Pizza Pizza Royalty Corporation has delivered growing distributions throughout its 7.5 year history, allowing for a resetting of distributions in 2011 in conformance with changes to Canadian tax law. Share price performance was mediocre from the period of inception through the 2008 global financial crisis. The stock was slow to recover from the 2008 crisis and did not actually bottom until mid 2009 even while maintaining the pre-crisis distribution levels throughout the period. Since that time, performance has been impressive. Shares have risen from a low of $C 5.35 in September 2009 to current a March 2013 high of 11.40 (current price 11.17).

With good numbers for yield, payout ratio, and growth of same store sales and new stores, all the metrics are favorable for a continuing positive outlook. The current minor pullback from the March highs marks a buying opportunity. It is unlikely that significant further pull backs in the absence of significant adverse results contrary to the current trends and operating environment.
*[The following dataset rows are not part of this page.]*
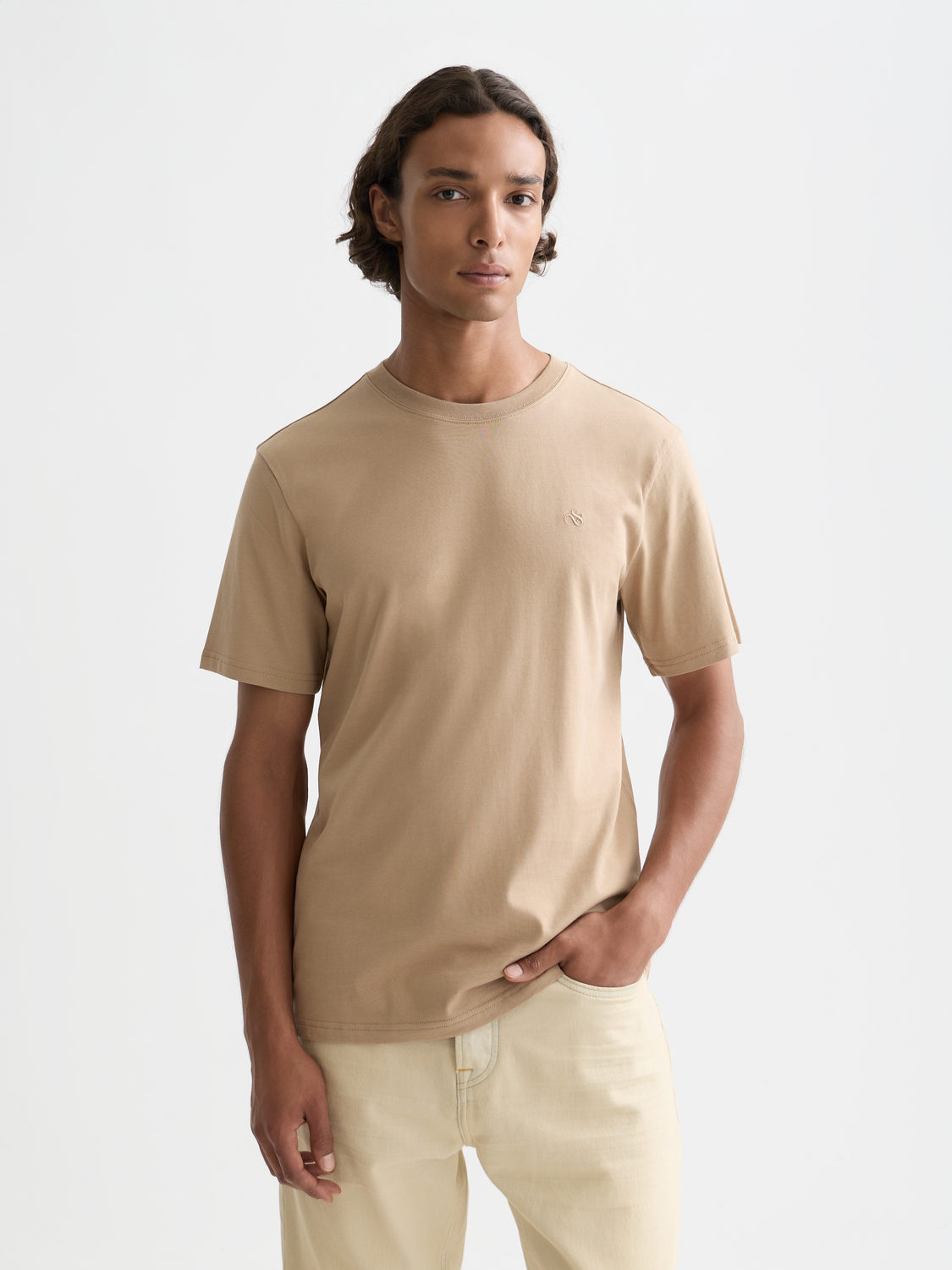 Scotch & Soda logo T-shirt, short sleeve casual tee with graphic logo design, black fabric, front view.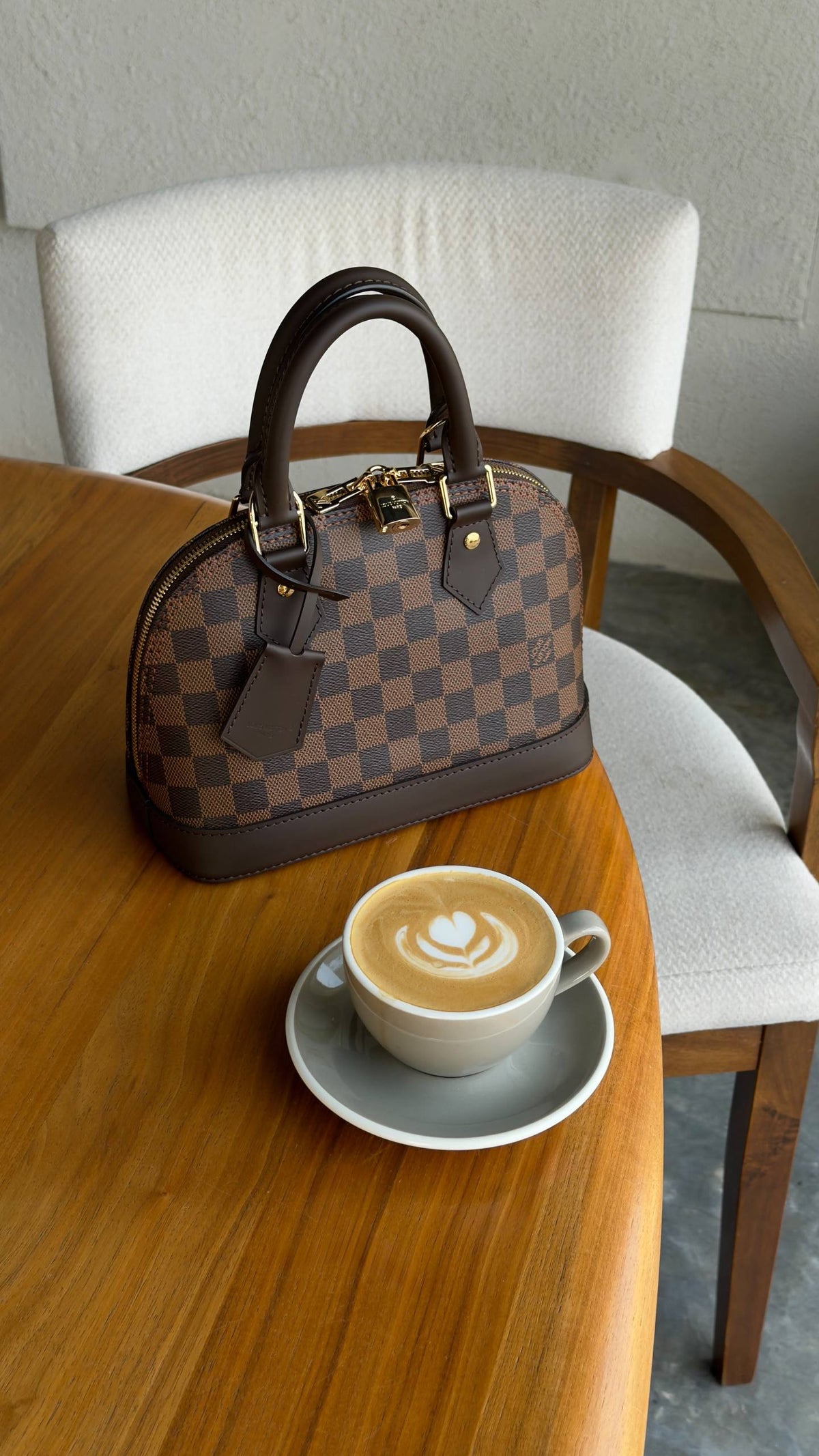 New collection ⚜️
LV 🧡
VIP quality 💎
Alma BB ✨
Size : 23.5 cm
For Price 👇 WhatsApp✅
0568585901 
0507557372
0552275751 Owner Zain 👌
Investors attracted to a 6.71% yield from a strong company with prospects for distribution and share price growth are advised to begin accumulating shares of PZA (traded on the Toronto exchange). The OTC units (OTC:PZRIF) should be avoided as a frozen market with no daily trading activity even seen since March 8th.

An important word of caution with regard to liquidity is also advisable on the Toronto PZA shares, where volume is in the 20,000 plus average daily shares traded but still can exhibit limited liquidity at times.

Disclaimer: I am not a licensed securities dealer or advisor. The views here are solely my own and should not be considered or used for investment advice. As always, individuals should determine the suitability for their own situation and perform their own due diligence before making any investment.

Disclosure: I am long OTC:PZRIF, OTC:KRIUF. I wrote this article myself, and it expresses my own opinions. I am not receiving compensation for it (other than from Seeking Alpha). I have no business relationship with any company whose stock is mentioned in this article.

Additional disclosure: My actual holdings are not the OTC shares but rather the Toronto exchange shares of PZA and KEG.UN.